Wednesday, July 7th, 2010

Koran, Kalashnikov and Laptop by Antonio Giustiozzi

I just finished reading Koran, Kalashnikov and Laptop: The Neo-Taliban insurgency in Afghanistan by historian Antonio Giustozzi who has subsequently gone on to write in rapid succession, Decoding the New Taliban: Insights from the Afghan Field and Empires of Mud, which I intend to read as well. Giustozzi is doing something important with his study of the Neo-Taliban insurgency that twenty years ago, a professional historian would have eschewed: applying his his historical expertise and methodology in a disciplinary synthesis to understand a dynamic, emerging, phenomenon at the center of current policy.

At the outset, Giustozzi writes:

This book is written by a historian who is trying to understand contemporary developments making use of not just the historical method, but also drawing from other disciplines such as anthropology, political science and geography. As a result, this book combines an analysis of the development of the insurgency based on available information with my ongoing work, focused on identifying the root causes of the weakness of the Afghan state.

This is a useful investigative methodological approach. “Useful” in the sense that while adhering to scholarly standards, Giustozzi offers readers the benefit of his capacity as a professional historian to evaluate new information about the war with the Neo-Taliban, while orienting it in the appropriate cultural-historical context. Not all of the information dealt with is reliable; Giustozzi candidly explains the disputes around particular unverified claims or accusations before offering his educated guess where the truth may be or the probabilities involved in a fog of war and ethno-tribal animosities.
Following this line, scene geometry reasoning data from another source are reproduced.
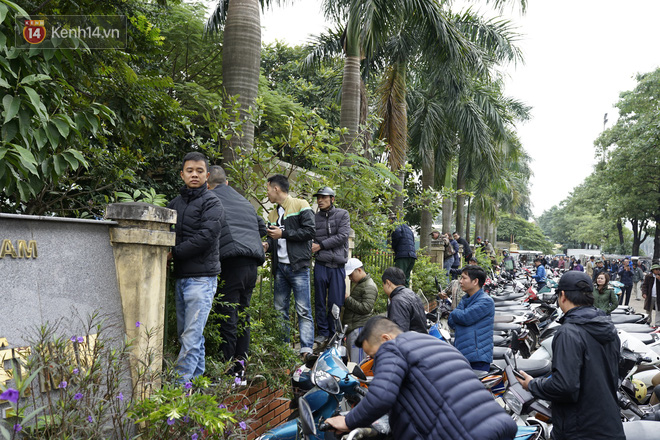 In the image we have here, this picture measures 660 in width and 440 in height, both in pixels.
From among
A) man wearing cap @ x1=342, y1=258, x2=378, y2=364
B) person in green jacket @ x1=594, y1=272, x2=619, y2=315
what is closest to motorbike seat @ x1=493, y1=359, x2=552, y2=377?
man wearing cap @ x1=342, y1=258, x2=378, y2=364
Koran, Kalashnikov and Laptop is an academic book with a fairly detached tone and heavily endnoted chapters, which Giustozzi divided in the following manner:

1. Sources of the insurgency

2. How and why the Taliban recruited

3. Organization of the Taliban

4. The Taliban’s strategy

5. Military tactics of the insurgency

6. The counter-insurgency effort

The chapters have a wealth of detail, bordering at times on minutia, on Afghanistan’s complex and personalized system of politics which help shed light on why the effort at providing effective governance, a key COIN tenet, is so difficult. One example:

“….Strengthened as it was by powerful connections in Kabul, Sher Mohammed’s ‘power bloc’ proved quite resilient. Some of the Kabul press reported ‘criticism’, by former and current government officials from Helmand, of Daoud, whose attempts to restrain and isolate the rogue militias and police forces of helmand were described in terms of collaborationism with the Taliban. Daoud reacted by accusing the local ‘drug mafia’ of plotting against him and tried to convince President Karzai to leave him in his post, but not even British Prime Minister Tony Blair’s efforts sufficed to save him. Karzai sacked Daoud in the autumn of 2006. His replacement, Asadullah Wafa, was widely seen as a weak figure who for several months even refused to deploy to Lashkargah.”
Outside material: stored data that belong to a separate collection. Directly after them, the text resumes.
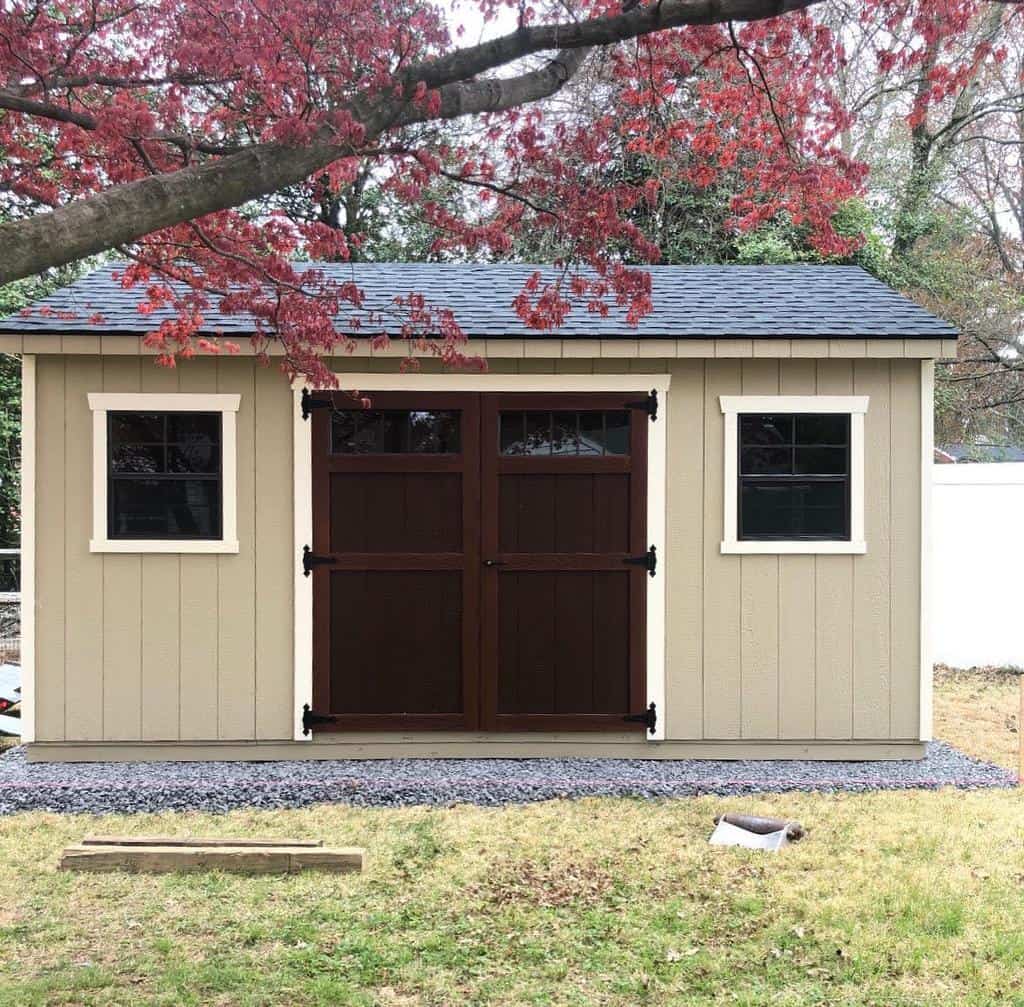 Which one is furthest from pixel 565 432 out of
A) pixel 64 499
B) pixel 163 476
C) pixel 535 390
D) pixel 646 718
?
pixel 64 499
This example is a typical one for political life in the provinces. Karzai’s counterinsurgency strategy does not have much to do with ours, and is largely antithetical to it. What we call “corruption”, Karzai sees as buying loyalty; what we call good governance, Karzai views as destabilizing his regime. We are not on the same page with Hamid Karzai and perhaps not even in the same playbook.
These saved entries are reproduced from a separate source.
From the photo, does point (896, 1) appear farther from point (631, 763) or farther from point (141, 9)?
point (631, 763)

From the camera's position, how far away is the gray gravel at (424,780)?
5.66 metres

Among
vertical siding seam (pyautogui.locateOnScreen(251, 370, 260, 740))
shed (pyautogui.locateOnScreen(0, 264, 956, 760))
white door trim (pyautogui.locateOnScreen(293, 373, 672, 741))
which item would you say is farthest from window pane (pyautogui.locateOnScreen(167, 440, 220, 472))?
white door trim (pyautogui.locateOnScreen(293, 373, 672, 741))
Giustozzi is exceptionally well-informed about Afghanistan and the political and military nuances of the old Taliban and the Neo-Taliban insurgency and the structure of Koran, Kalashnikov and Laptop is clear and well-organized. Giustozzi is informed about COIN in this context but less so generally (in a minor glitch, he posits Mao as primarily waging guerrilla war against an Imperial Japan – Mao didn’t – which did not have much of a “technological edge” – which Japan certainly did over Chinese forces, Nationalist or Communist, for most of the war) but Giustozzi is not writing to add to COIN theory literature, as he specifically noted. What the reader will get from Giustozzi is a grasp of who the Neo-Taliban are as a fighting force and the convoluted, granular, social complexity of Afghan political life in which the US is attempting to wage a COIN war.

Koran, Kalashnikov and Laptop is strongly recommended.

Reality, Strategy and Afghanistan: Some Questions

Tuesday, July 6th, 2010

Are all the strategic objectives in Afghanistan clearly defined and acheivable by military force?

Of the operational activities that might support our strategic objectives that require civilian expertise, why in nine years have we not sent adequate civilian agency representation and funding?

If military operations in Afghanistan require a single commander, why does the civilian side of the COIN campaign have authority divided between at least a half-dozen senior officials without anyone having a deliverable “final say” reporting to the President?

If Pakistan’s “partnership” is officially a requirement for strategic success (and it is), why would Pakistan be a “partner” in helping stabilize an independent regime in Afghanistan that would terminate Pakistan’s ability to use Afghanistan as “strategic depth”?

Is the Taliban more important to our national security than is al Qaida?

If we can’t get at al Qaida after nine long years to finish them off, why is that?

If Pakistan’s ISI is sponsoring the Haqqani Network, the Quetta Shura Afghan Taliban and other extremist jihadi groups, doesn’t that make the ISI as a critical component – the strategic “brains” – of the Enemy’s center of gravity?

Shouldn’t we be targeting the Enemy center of gravity if we are to acheive our strategic objectives? (If we are going to be squeamish and pants-wetting about that, how about the retired and bearded “plausibly deniable” ex-ISI guys running around FATA as “advisers” and fixers to jihadi and tribal factions?)

Should we be sending the Enemy’s strategic brains billions of dollars annually?

For that matter, is the size of our own logistical tail effectively funding the guys in black turbans shooting at American soldiers and burying IEDs? Would less be more?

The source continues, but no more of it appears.